20代も後半となり、味覚が昔と変わってきたように思う。基本的に好き嫌いは今も昔も特に無いのだが、ここ数年、大好物と呼べるぐらいになってきた食材が「タケノコ」である。煮物や天ぷらは勿論、チョコでコーティングして「タケノコの里」にしても良いだろう。
それを知ってかこの時期、妻の実家の裏山ではタケノコがぽこぽことよく生えるらしく、一度掘りに来てはどうか?との事。
「山の形が変わってしまっても知りませんよ」と、あらかじめ断りをいれ、私の処女タケノコ堀りは行われたのであった。

春、まっ盛りの土曜休日である。
今年の花見もこの土日が最後であるだろうが、私、妻、お義母さんの三人は頭上に散りゆく桜を惜しみもせず、ただひたすら竹林をうつ向いて、真下にタケノコの頭を探し歩く。
すぐ裏山と言えど、ここ数年手入れされていない山道は予想外に厳しい。誰が詠んだか忘れたが、小学校の国語で習った俳句に「わけいっても わけいっても 青い山」というのがあった。おそらくこの作者もあまりの山の険しさに頭がおかしなってしまい五七五がわからんようになったんじゃなかろうか。そんな事を考え、道中、先を歩くお義母さんが掻き分けた木の枝が鞭となって、ヒョッとその後ろを行く私に容赦無く襲いかかる等の苦難を乗り越えながら、タケノコの頭を見付けてはクワを入れ、掘り出す。
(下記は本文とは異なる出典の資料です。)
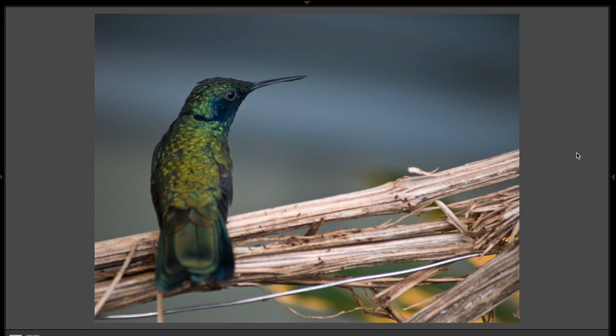Hey guys, this is Anthony Morganti from AnthonyMorganti.com, and this is episode 42 of Photocritiques. In Photocritiques, people send me in some of their best shots, and I critique each image with suggestions on how they can improve it.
クワすら初めて握ったシティーボーイの私にはいささかハードワークである。が、次第にコツを掴み一本のタケノコを掘り出すのにクワを入れる回数も徐々に少なくなっていった(師匠であるお義母さんは5、6回クワを入れるだけで掘り出す)。
ついでにミツバ、サンショ等の野草も摘み山を降りる。
夕飯は妻の作る筍御飯、筍とアブラゲの煮物、筍とサンショの葉の柚味噌和え。当然ながらビール。勿論デザートは…?

牛乳プリン食べました。そこは普通に。